→ **Exercise prompt**: Copy out the data below as written; omit any images.
*** Material provided Section Begins ***
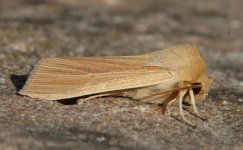 07 Common Wainscot.JPG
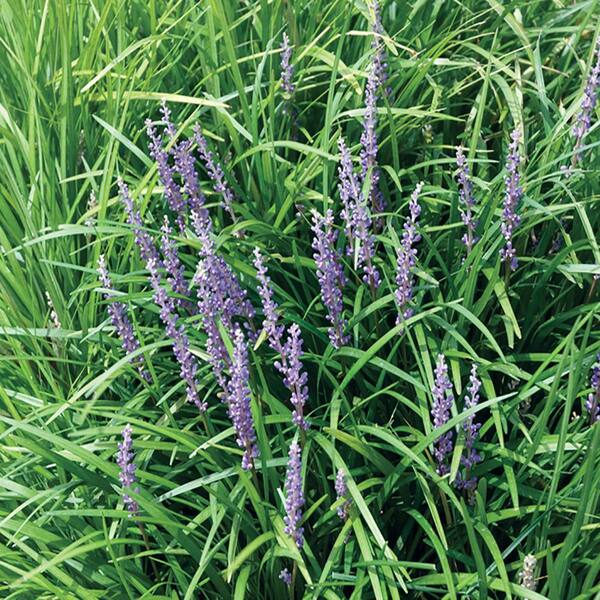 METROLINA GREENHOUSES 4 1Pint Super Blue Lily Turf Plant 20532 The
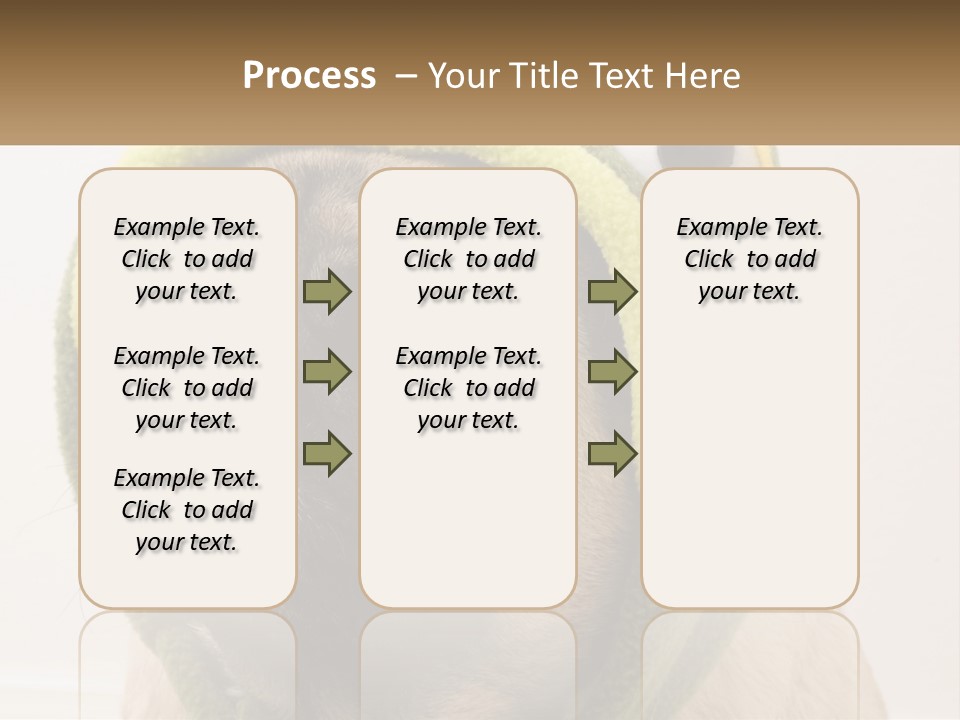 A Small Pug Dog Wearing A Towel With Eyes PowerPoint Template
*** Material provided Section Ends ***
→ **Exercise result**:
 07 Common Wainscot.JPG
 METROLINA GREENHOUSES 4 1Pint Super Blue Lily Turf Plant 20532 The
 A Small Pug Dog Wearing A Towel With Eyes PowerPoint Template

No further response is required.